The - convention follows kubectl, docker, and other CLI tools.

Output conventions

All commands follow the same pattern established by api.go:

  • Human messages go to stderr (summaries, prompts, “Policy created.”)
  • Machine-readable data goes to stdout (YAML, JSON, table rows)

This means you can pipe tyk policy get gold > policy.yaml and the summary line doesn’t end up in the file.

The --json flag switches stdout output from the default format (YAML for get, table for list) to JSON. Stderr messages are unaffected.

Exit codes

Code Constant Meaning
0 Success (or user-cancelled delete)
1 Network / server / unexpected error
2 ExitBadArgs Validation error, resolution failure, bad input
3 ExitNotFound Resource not found (get/delete with bad ID)

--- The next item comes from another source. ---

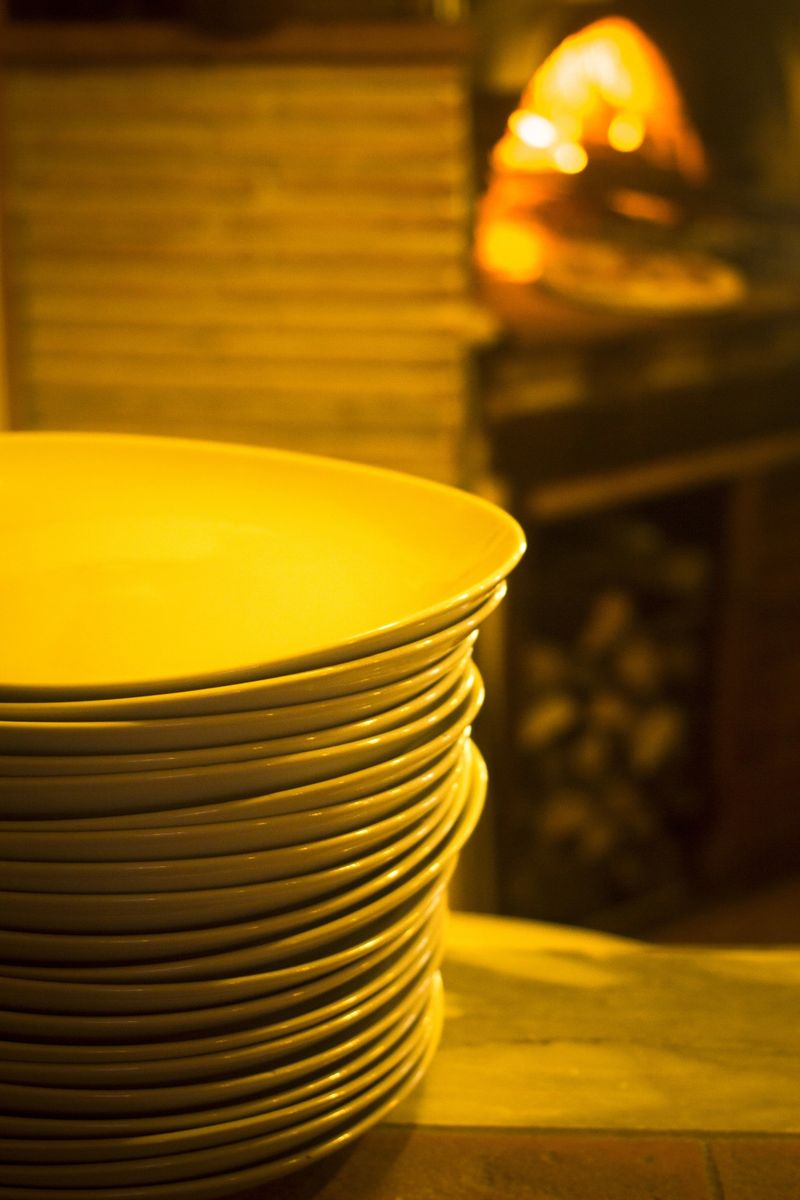 Italian pizzeria traditinal wood fire oven pizza and stack of plates in restaurant in Rome Italy.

Exit code 2 for validation errors (not 1) allows scripts to distinguish “your input is wrong” from “the server is down”.

Wire format quirks

allowed_urls must be [], not null

The Dashboard API rejects "allowed_urls": null but accepts "allowed_urls": []. Go’s default JSON marshaling produces null for a nil slice. The custom MarshalJSON on AccessRight (pkg/types/policy.go:142) handles this:

if ar.AllowedURLs == nil {
    a.AllowedURLs = []AllowedURL{}  // serialize as []
}

limit must be explicit null

Similarly, per-API rate/quota limits (the limit field on AccessRight) must be explicitly null in the JSON, not omitted. The custom marshaler uses json.RawMessage("null") for nil limits.

_id vs id — friendly ID resolution

The Dashboard stores two identifier fields on every policy:

  • _id — the MongoDB document ID. A 24-character hex string generated by the Dashboard on creation. Handled invisibly by the Dashboard.
  • id — the wire id field. Starting in Dashboard v5.12.0+, this is a first-class identifier that can be used directly for all CRUD operations.

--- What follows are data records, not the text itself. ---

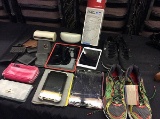 Box of wallets,3 ipads with cracked screens,amazon kindle, 2 pairs shoes,new balance motion control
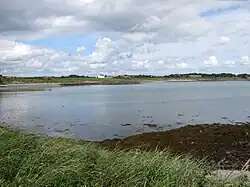 The white farmhouse on the raised beach stands adjacent to the Millin Bay Cairn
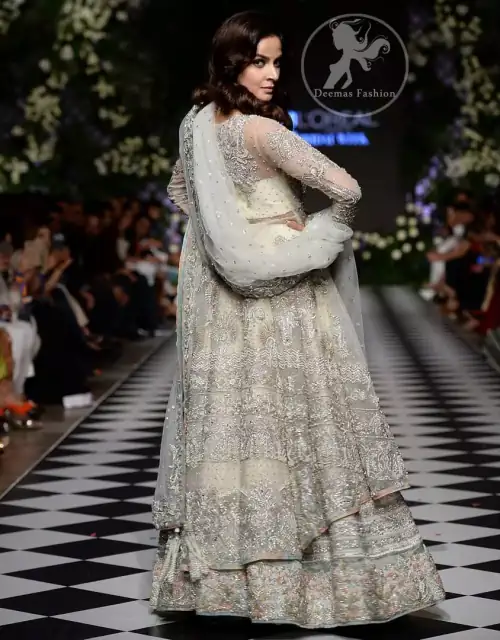 Feel glamorous in our ivory back trail frock with fascinating embellishment on neckline with silver kora, dabka, pearl and sequins.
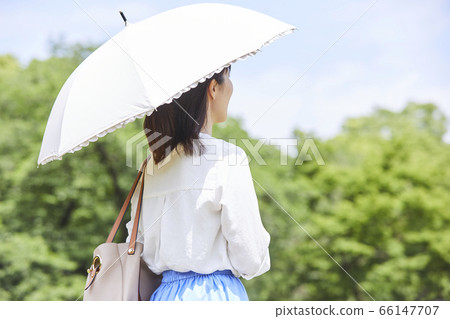 一個女人在藍色的天空下舉行陽傘 一個女人在藍色的天空下舉行陽傘 66147707
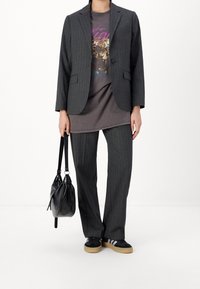 Grå randig kavaj över en grafisk t-shirt, ihop med matchande byxor och svarta sneakers. Håller en svart, dragsko-handväska.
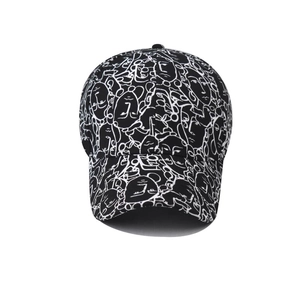 Detail view of cotton baseball cap featuring white abstract line art face print on black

The CLI passes the user’s friendly id directly into the wire id field with no prefix or transformation:

# User writes:
id: gold

# Wire format:
{"id": "gold", "name": "Gold Plan", ...}

Key rules:

  1. The CLI never sets or reads _id. The Dashboard generates and manages it invisibly.
  2. All API calls (GET, PUT, DELETE) use the id field value directly in the URL path.
  3. On display (get, list), the CLI uses id directly. If id is empty (unmanaged policy), it falls back to _id.
  4. User tags are untouched — the CLI does not inject managed metadata into tags.

O(1) resolution

The Dashboard’s GET /api/portal/policies/{id} endpoint (v5.12.0+) resolves the {id} parameter against the wire id field. This means the CLI can look up a policy by its friendly ID in a single API call:

GET /api/portal/policies/gold   -> 200 (found) or 404 (not found)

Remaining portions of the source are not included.